Recorded information
____

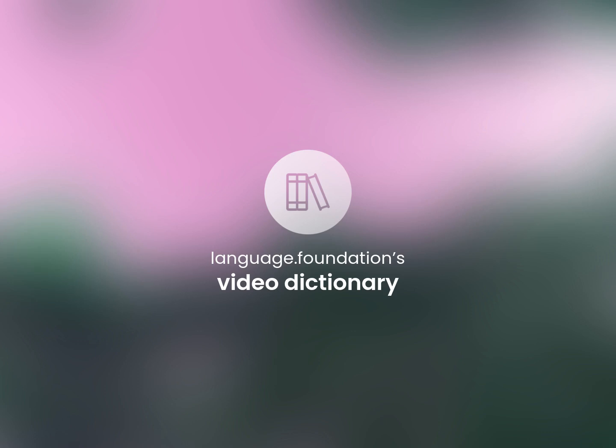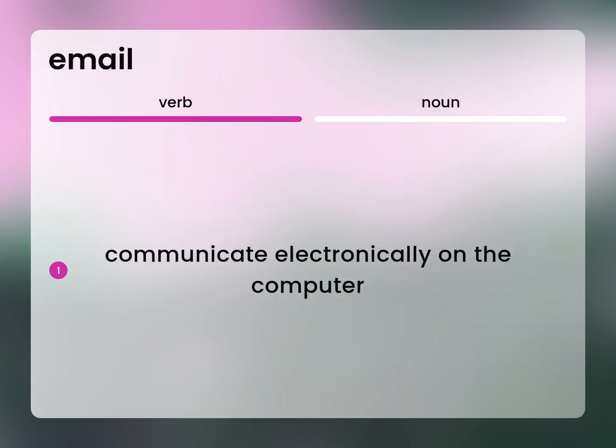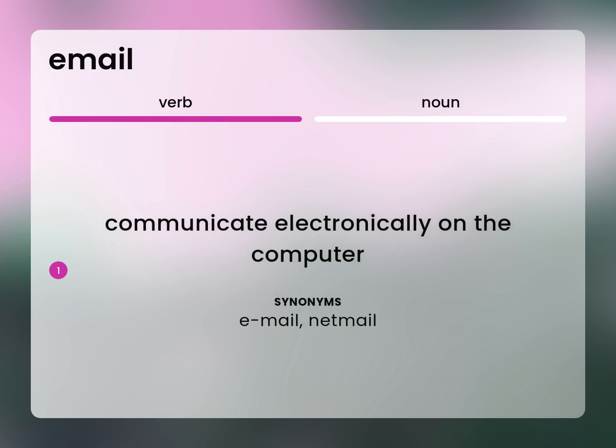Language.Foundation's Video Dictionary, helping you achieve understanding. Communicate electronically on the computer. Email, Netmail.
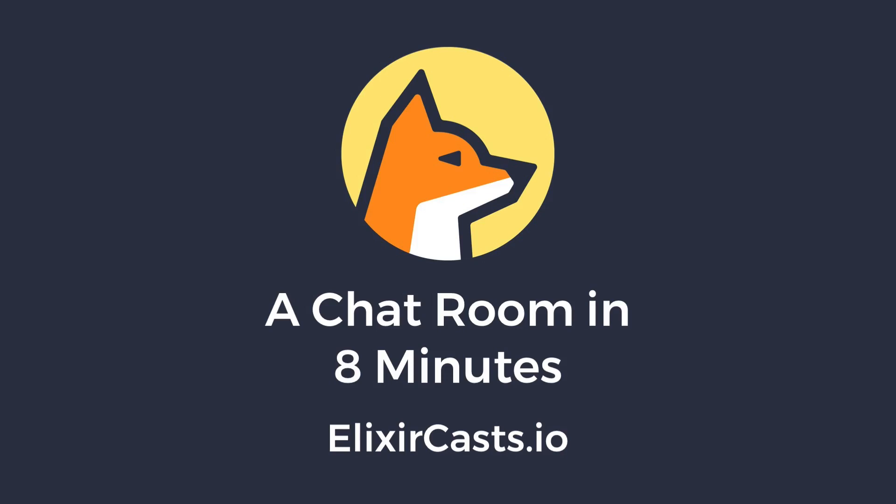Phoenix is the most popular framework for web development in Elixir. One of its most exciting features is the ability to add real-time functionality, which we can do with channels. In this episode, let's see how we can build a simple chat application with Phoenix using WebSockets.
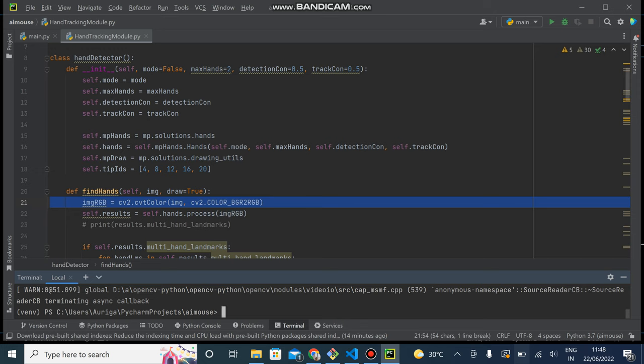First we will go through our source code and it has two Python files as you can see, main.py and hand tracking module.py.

____

Your instructions
Retype the data word for word, please, and keep the images out.

Task response
Language.Foundation's Video Dictionary, helping you achieve understanding. Communicate electronically on the computer. Email, Netmail.
Phoenix is the most popular framework for web development in Elixir. One of its most exciting features is the ability to add real-time functionality, which we can do with channels. In this episode, let's see how we can build a simple chat application with Phoenix using WebSockets.
First we will go through our source code and it has two Python files as you can see, main.py and hand tracking module.py.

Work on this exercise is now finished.